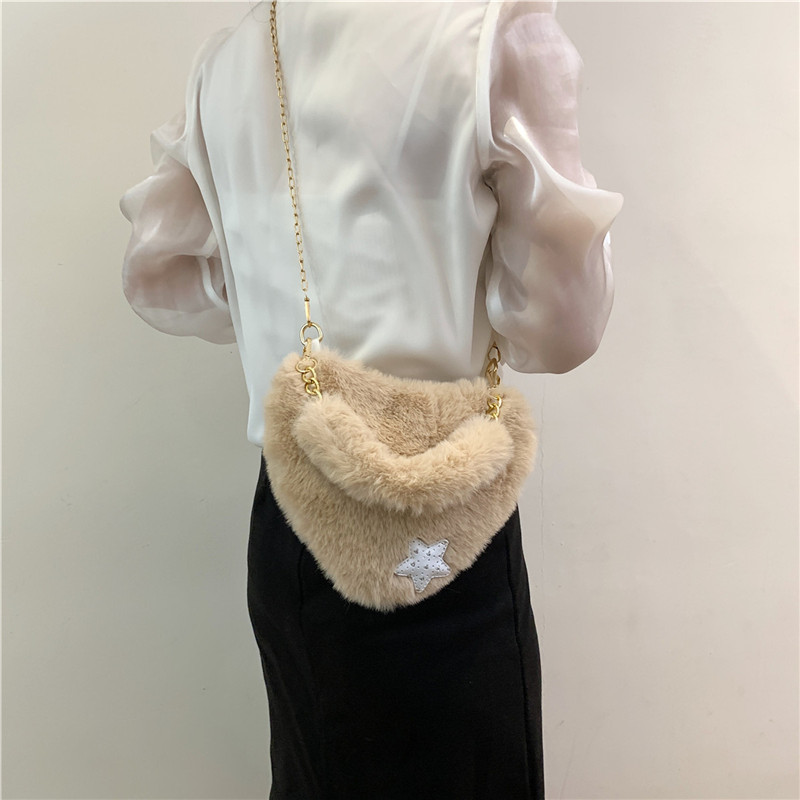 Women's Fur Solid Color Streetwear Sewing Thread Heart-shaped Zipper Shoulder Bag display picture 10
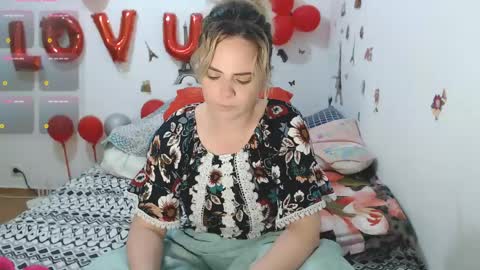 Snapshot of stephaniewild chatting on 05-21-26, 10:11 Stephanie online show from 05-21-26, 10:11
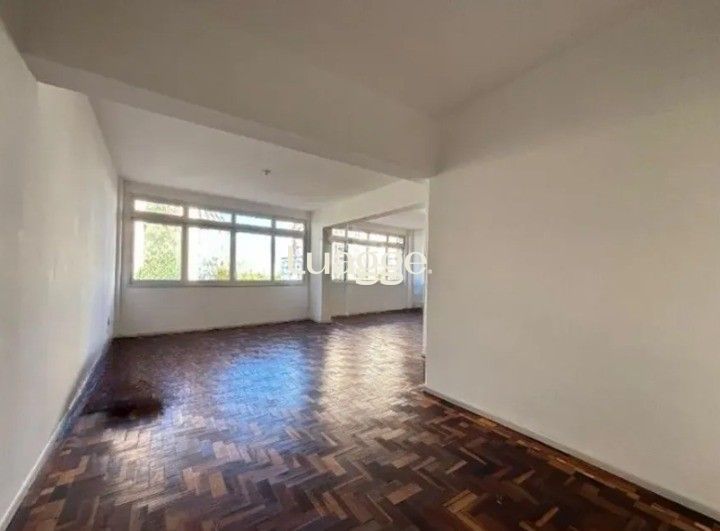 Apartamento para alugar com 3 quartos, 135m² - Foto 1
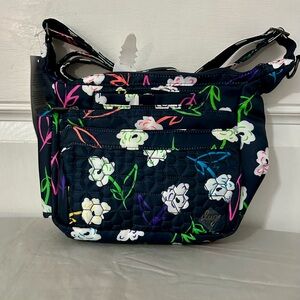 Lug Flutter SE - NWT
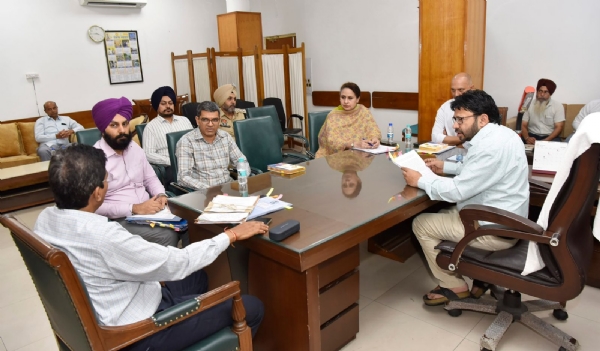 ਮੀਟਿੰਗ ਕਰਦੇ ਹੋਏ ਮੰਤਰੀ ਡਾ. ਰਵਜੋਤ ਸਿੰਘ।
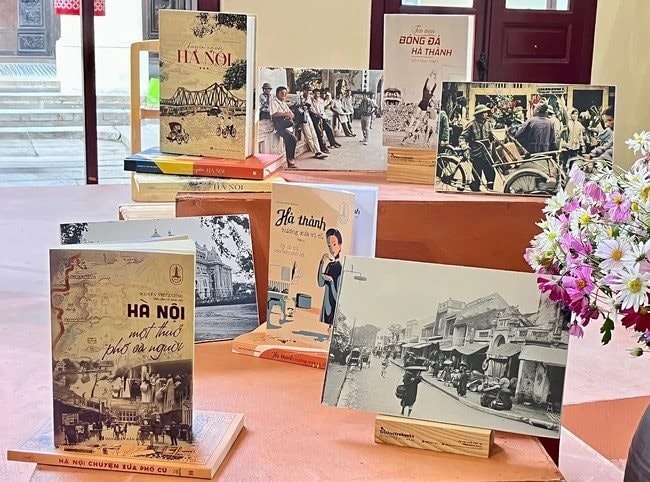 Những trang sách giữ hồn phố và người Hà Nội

* * *

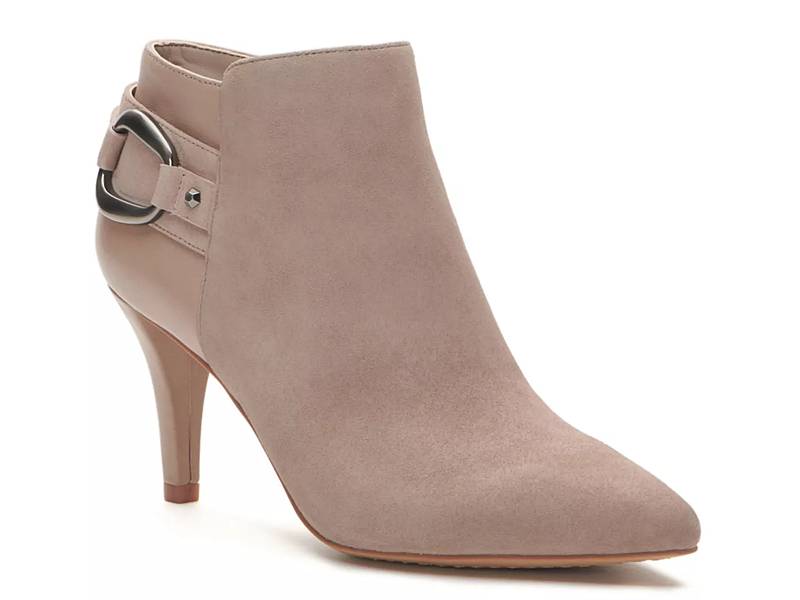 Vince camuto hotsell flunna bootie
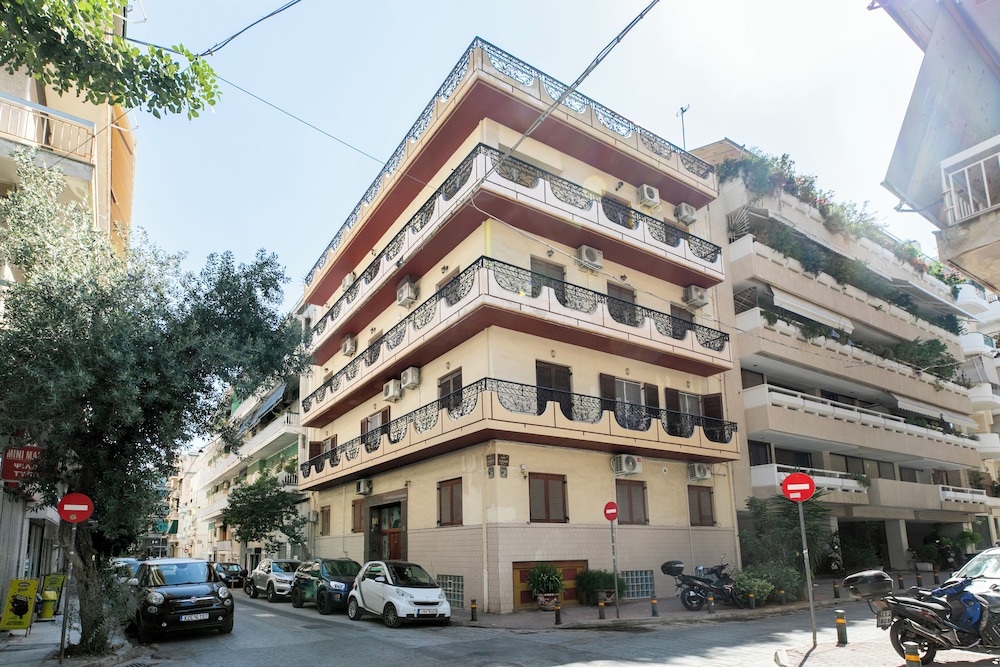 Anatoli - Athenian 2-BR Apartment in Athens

WORK REQUEST
From the line with "Lug Flutter SE - NWT" up to and including the line with "Những trang sách giữ hồn phố và người Hà Nội" above, retype every line exactly and nothing more; leave out the pictures.

SOLUTION
 Lug Flutter SE - NWT
 ਮੀਟਿੰਗ ਕਰਦੇ ਹੋਏ ਮੰਤਰੀ ਡਾ. ਰਵਜੋਤ ਸਿੰਘ।
 Những trang sách giữ hồn phố và người Hà Nội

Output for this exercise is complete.